Record extracts

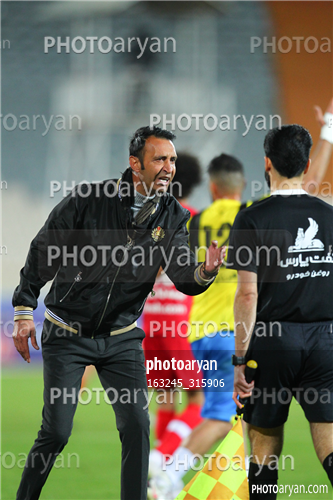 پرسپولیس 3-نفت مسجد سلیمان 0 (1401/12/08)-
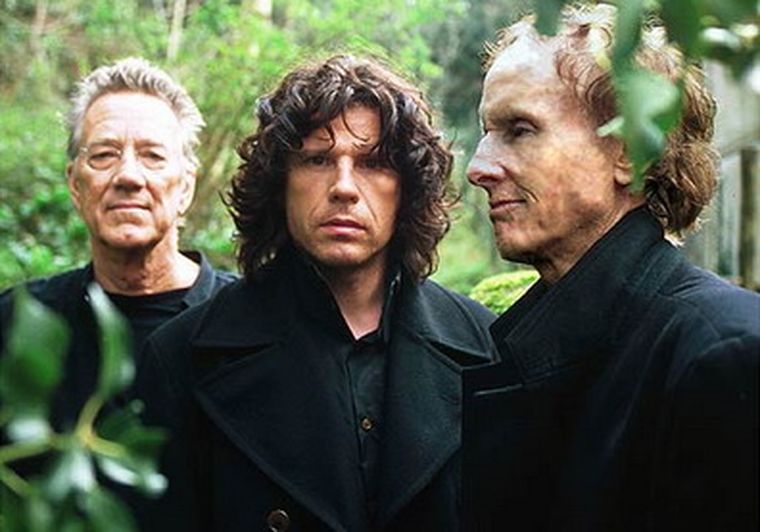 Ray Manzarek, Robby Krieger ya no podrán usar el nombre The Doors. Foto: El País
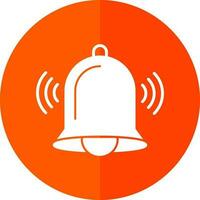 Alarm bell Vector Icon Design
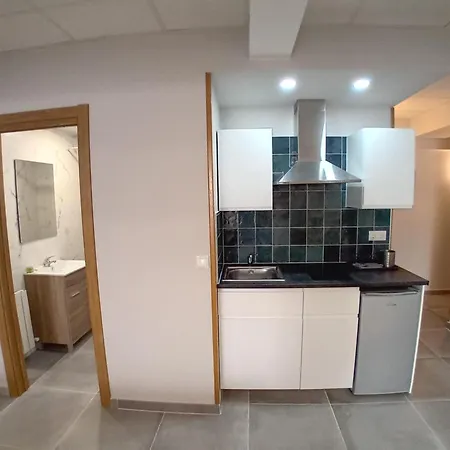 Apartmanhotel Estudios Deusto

...

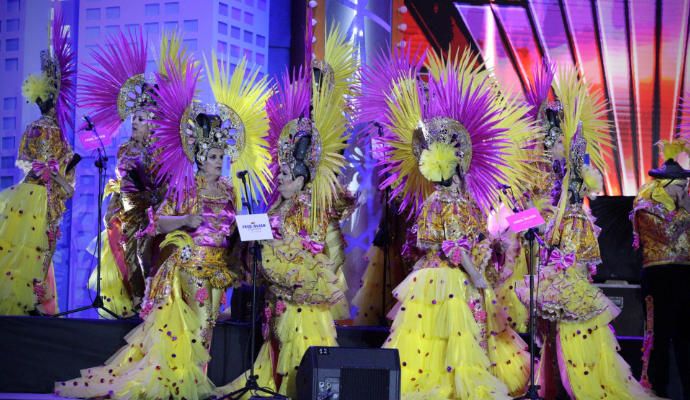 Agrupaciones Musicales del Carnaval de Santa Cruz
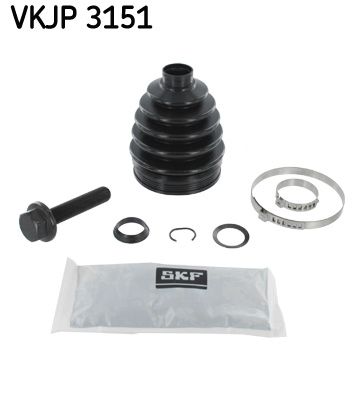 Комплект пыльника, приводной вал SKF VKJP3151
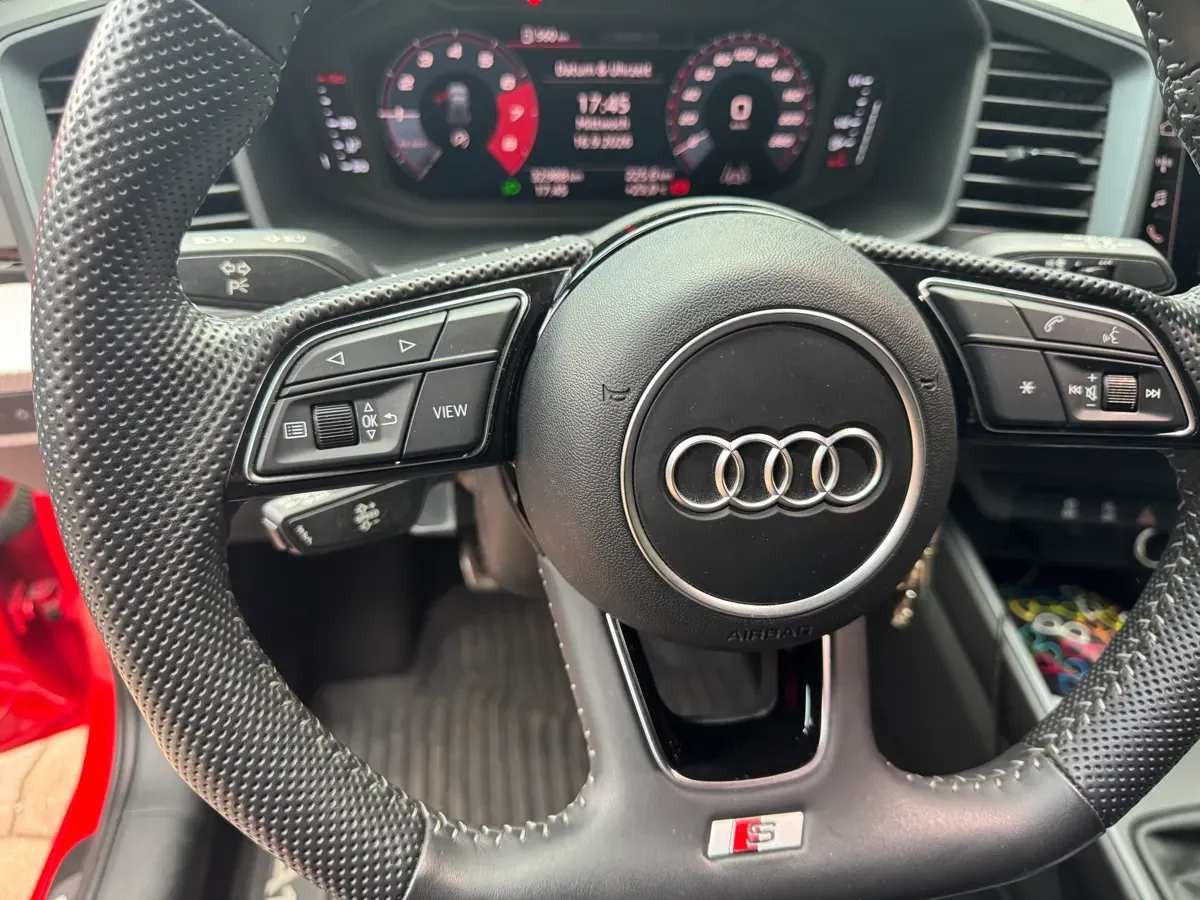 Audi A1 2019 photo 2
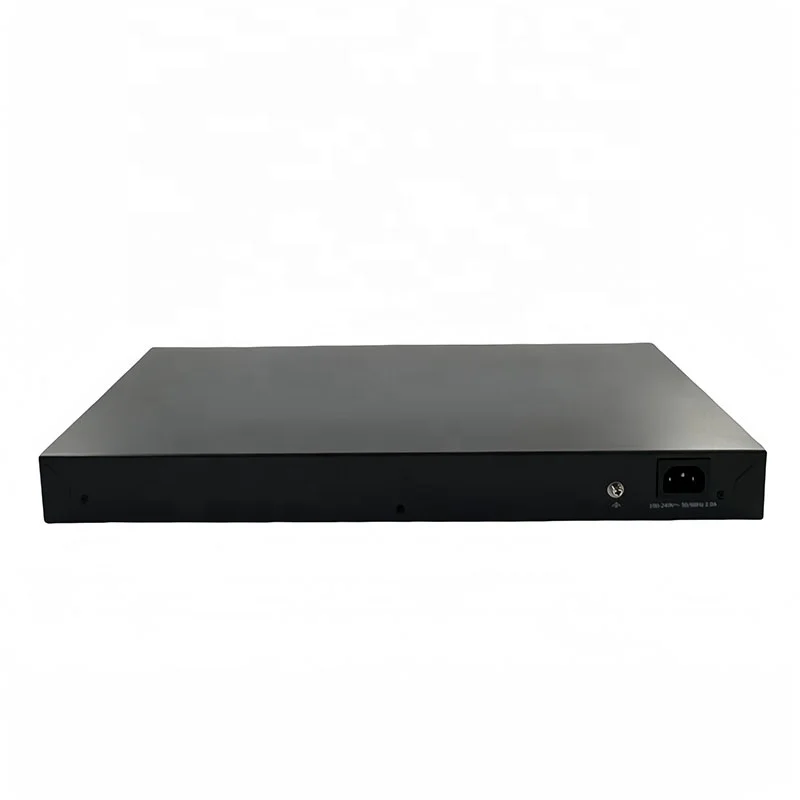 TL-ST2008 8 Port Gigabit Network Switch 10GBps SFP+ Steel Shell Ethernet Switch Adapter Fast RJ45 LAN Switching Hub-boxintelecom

Required action
Out of the records above, return only the lines from the one with "Agrupaciones Musicales del" through the one with "TL-ST2008 8 Port", exactly, and none of the pictures.

Exercise answer
 Agrupaciones Musicales del Carnaval de Santa Cruz
 Комплект пыльника, приводной вал SKF VKJP3151
 Audi A1 2019 photo 2
 TL-ST2008 8 Port Gigabit Network Switch 10GBps SFP+ Steel Shell Ethernet Switch Adapter Fast RJ45 LAN Switching Hub-boxintelecom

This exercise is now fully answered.